Before he was the Hack Man of Pac Bell Park, before he became San
Francisco's gentlest Giant, before he turned as golden as a
certain Bay Area bridge, Rich Aurilia was the Phantom of the
Metropolitan Opera. To supplement his meager wages in the minors
seven years ago, the Brooklyn-born shortstop spent an off-season
in Manhattan as a stagehand at the Met. Three nights a week he
lugged scenery and struck sets, haunting the famous opera hall
until the squeak of dawn. While punching in for the late shift,
he would sometimes catch the last act of I Pagliacci or La
Traviata. "It seemed everybody in the theater knew what was going
on but me," Aurilia recalls. "I had no clue."
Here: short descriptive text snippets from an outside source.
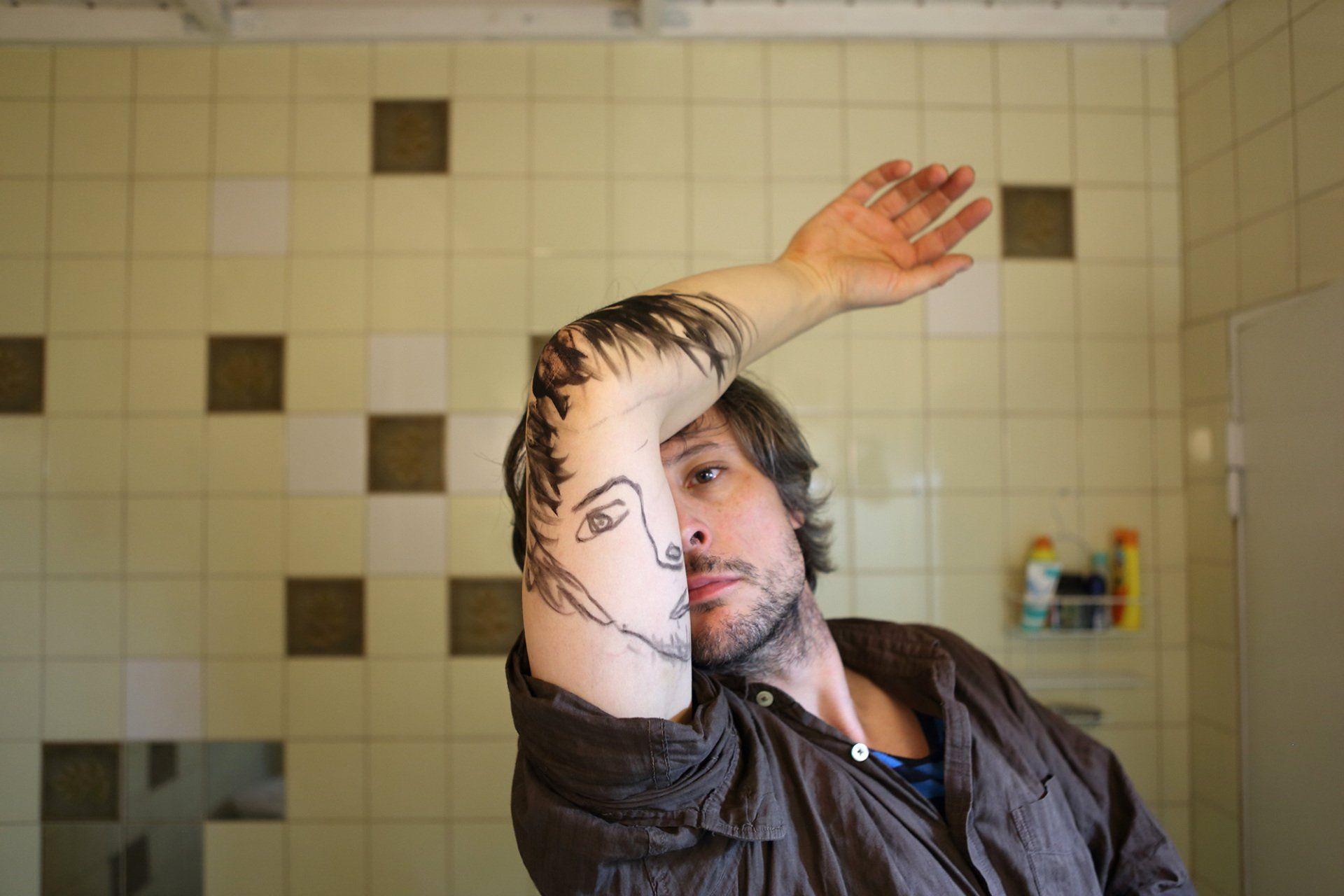 „Me & My Friends No. 2“ (self-portrait) by Sebastian Bieniek (B1EN1EK), 2014. Edition of 9 original photographs. 67 cm. x 100 cm. From the „Me & My Friends“ series. Oeuvre of BieniekFace (Bieniek-Face). „Me & My Friends No. 2“ (self-portrait) by Sebastian Bieniek (B1EN1EK), 2014. Edition of 9 original photographs. 67 cm. x 100 cm. From the „Me & My Friends“ series. Oeuvre of BieniekFace (Bieniek-Face).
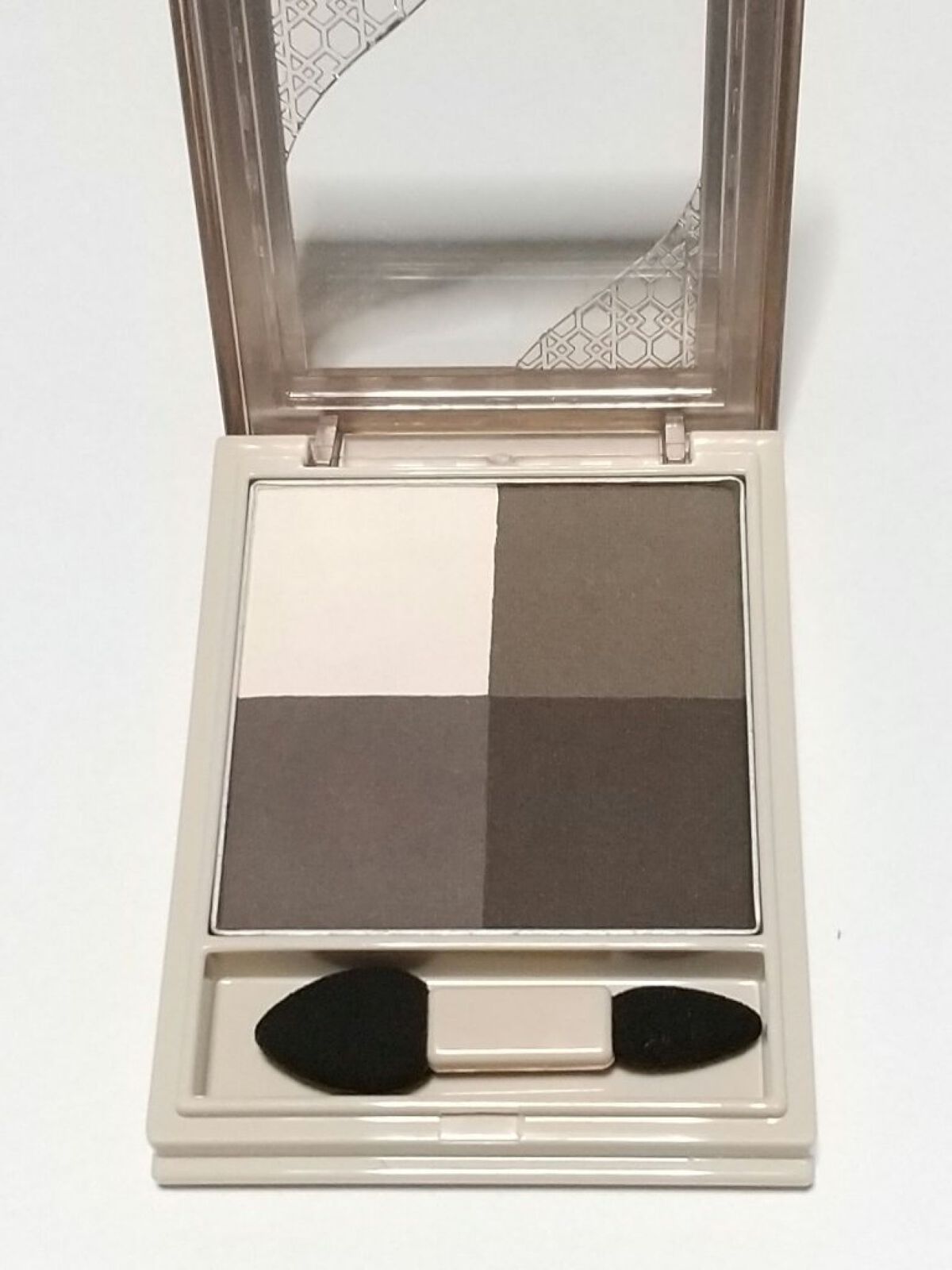 ニュアンス マット クリエイター GY-5 クラシックグレー/Visée/アイシャドウパレットを使ったクチコミ（2枚目）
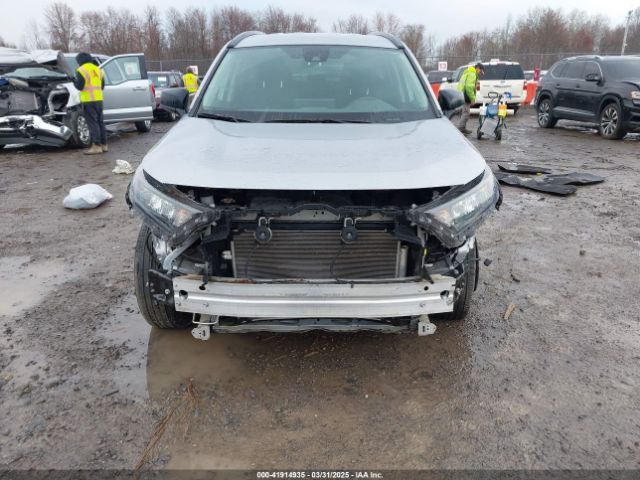 2T3F1RFV6MC213066 Toyota RAV4 LE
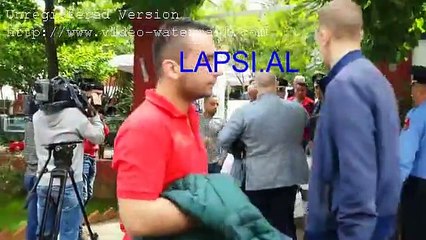 Rovena shpërthen në ulërima kur përmbaruesit futen në lokalin e saj (Video)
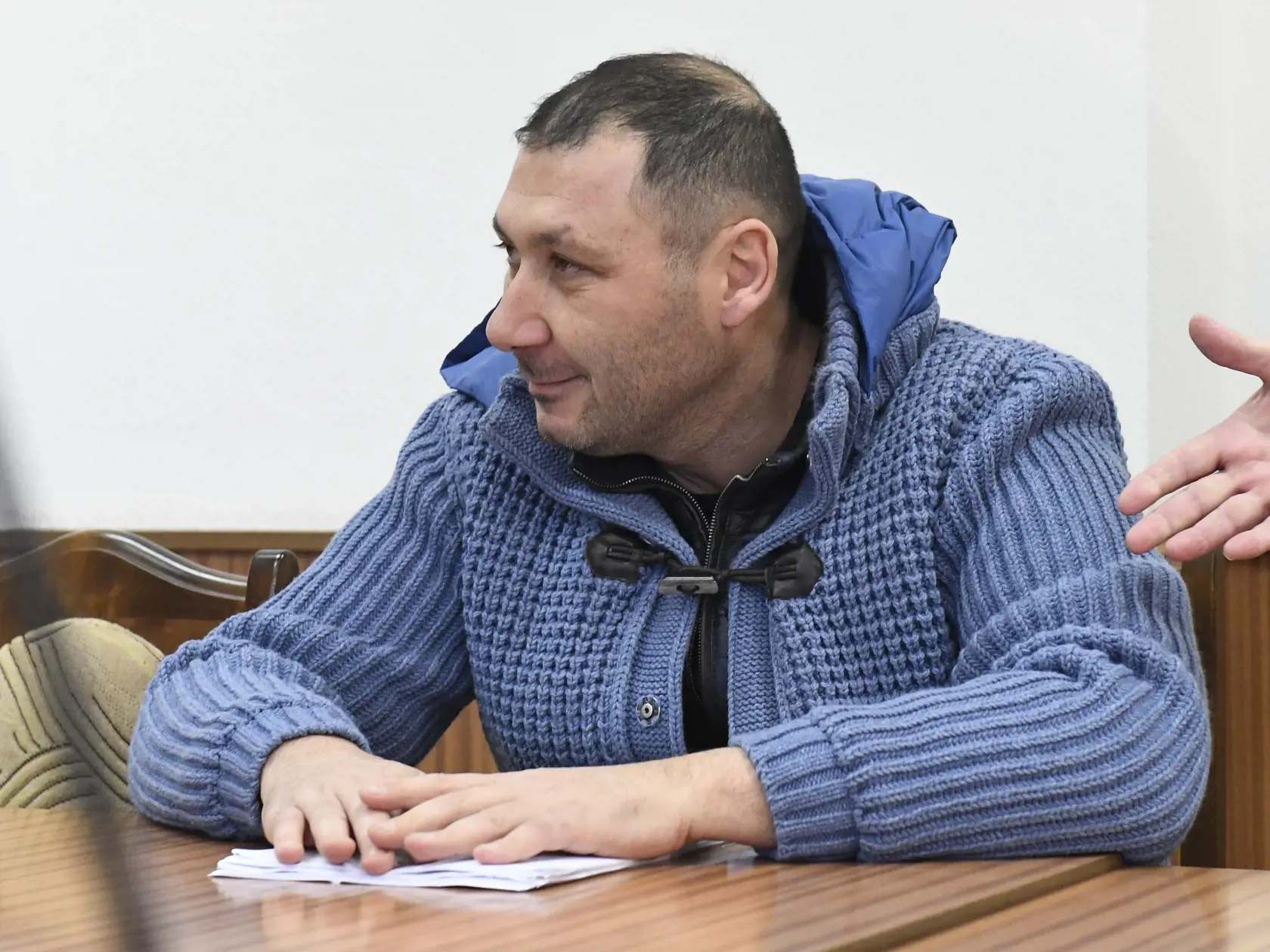 Krajský súd v Košiciach na neverejnom zasadnutí rozhoduje o návrhu na predbežnú väzbu pre podnikateľa talianskeho pôvodu Antonina V. (na snímke). Podnikateľa zadržala v utorok ráno 13. marca 2018 slovenská polícia v Michalovciach. Dôvodom je európsky zatykač, ktorý vydal súd v Benátkach. Košice, 15. marca 2018. FOTO TASR – František Iván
Asked to explain his bravissimo performance as a batsman this
year--through Sunday he ranked fifth in the National League in
average (.346), first in hits (123) and eighth in doubles
(24)--the 29-year-old Aurilia is equally clueless. "I really don't
know," he says, lifting a bemused eyebrow. "I just hope it lasts
a whole season."

After a little more than half the season Aurilia has a shot at
becoming the first Giant to win a batting title since Willie Mays
in 1954 and the first National League shortstop to win one since
Dick Groat of the Pittsburgh Pirates in 1960. "He has good bat
control, and he's not afraid to hit the ball [anywhere] in the
count," says San Diego Padres outfielder Tony Gwynn, who has won
eight National League batting crowns. "He [used to] wear us out,
but then he'd play somebody else and go 1 for 8. This year he's
hitting everybody."

Everyone but Aurilia seems to have a theory about why the average
of this career .270 hitter is suddenly as lusty as Carmen. "If
you asked five different people," he says, "you'd get five
different answers."

So we asked five people, and we got these five answers:

--It's his slot in the batting order, insists Florida Marlins
pitcher Chuck Smith. Until this season Aurilia mostly batted
seventh, which meant his job was to clean the table, not set it.
Following a 22-homer, 80-RBI season in 1999, he again led all
National League shortstops with 20 home runs and 79 RBIs last
year. That made Aurilia the senior circuit's first shortstop
since Ernie Banks in 1960 and '61 to have back-to-back 20-homer
seasons. Ever since spring training, however, manager Dusty Baker
has been penciling him in as the number 2 hitter, ahead of Barry
Bonds. Smith believes the prospect of facing the homer-binging
Bonds has caused pitchers to feed Aurilia a steady diet of fat
heaters. "You're not going to pitch him as carefully when you've
got somebody like Barry up next," says Smith.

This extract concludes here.